Bígaro. Las flores de color púrpura pálido brillaban suavemente, semejantes al color del cabello de Sotis e irradiaban una calidez que parecía unirlos a los tres.

«Finlandia.»

Si alguna vez se volvían a encontrar, si alguna vez tuviera la oportunidad de hablar con ‘Finnier Rosewood’, había tantas cosas que Sotis quería decir.

Pero extrañamente, ahora que había llegado el momento, se encontró incapaz de decir nada. Como una carta en blanco llena de palabras no dichas, los labios de Sotis permanecieron en silencio por un instante.

Finalmente, Sotis le hizo la pregunta que siempre había anhelado respuesta.

«¿…Eres feliz ahora?»

Las lágrimas brotaron de los ojos de Fynn. Bajo el cielo despejado, sus ojos brillaron momentáneamente con un intenso tono verde. Las lágrimas corrieron por sus mejillas y se acumularon en su barbilla.

«Sí. Soy feliz…»
«…» Siempre lo había dicho, afirmando que parecía feliz para que los demás lo creyeran.

Pero esta vez era diferente. Estaba realmente feliz. Estaba tan feliz que sentía que su corazón iba a estallar. Se sintió completamente envuelta por esa calidez de pies a cabeza.

«Soy tan feliz.»

Dicho esto, Sotis abrazó a Fynn con fuerza y ​​susurró:

«Sí. Yo también soy feliz. Siempre lo he sido.»

«…»
«No importa lo lejos que estemos, siempre estamos juntos. Y si de verdad queremos, podemos volver a vernos cuando queramos. Ahora lo entiendes, ¿verdad?»

«Ahora lo entiendo.»

Fynn sonrió radiante entre lágrimas.

«Pase lo que pase, siempre estamos juntos.»

* * *

La boda, llena de drama y emoción, finalmente llegó a su fin.

Incluso después de la ceremonia, Sotis y Lehman permanecieron en el palacio imperial dos semanas más. Esto se debió en parte a la insistencia de Fynn, quien dijo que tenía mucho más que decir, pero también a la alegría de ver tantas caras conocidas después de tanto tiempo.

Marianne parloteó sin parar, compartiendo todo lo que quería decir, mientras Cheryl, con su habitual expresión fría y meticulosa, deambulaba por el palacio, comprobando que a Fynn no le faltara nada en su nueva vida.
Anna declaró que se quedaría para acompañar a Fynn, y Edmund le entregó directamente a Sotis la carta de ese mes. Sotis le advirtió que su respuesta podría tardar un poco, pero Edmund le sonrió con sorprendente serenidad.

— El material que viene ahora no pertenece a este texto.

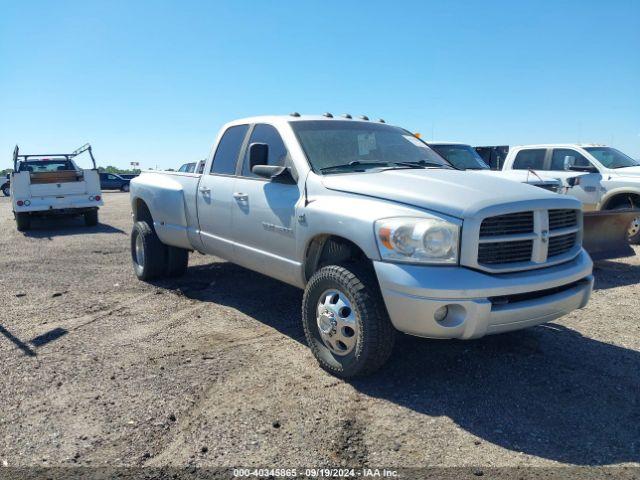  Salvage Dodge Ram 3500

Dos semanas después, Sotis y Lehman tomaron un carruaje hacia el sur. Los habitantes de Méndez, al reconocerlos, adornaron el camino con flores, ofreciéndoles sus felicitaciones, gratitud y respeto. Aunque habían pasado muchos años desde que Sotis dejó Méndez, algunos recuerdos no se desvanecían fácilmente con el tiempo.

Al cruzar la frontera y llegar a un camino familiar, Sotis pidió caminar. Como siempre, Lehman estuvo encantado de complacerla. De la mano, caminaron tranquilamente por el sendero elegantemente iluminado, de espaldas al sol poniente.

«El hecho de que dejamos a Fynn en Méndez por fin se siente real ahora.»

«¿Estás triste, querida?»

«Mentiría si dijera que no me siento un poco sola…»
Aunque siempre había dicho que seguirían conectadas pase lo que pasara, la distancia física seguía siendo difícil de soportar. Después de todo, esta era la hija que había mantenido cerca durante veinte años.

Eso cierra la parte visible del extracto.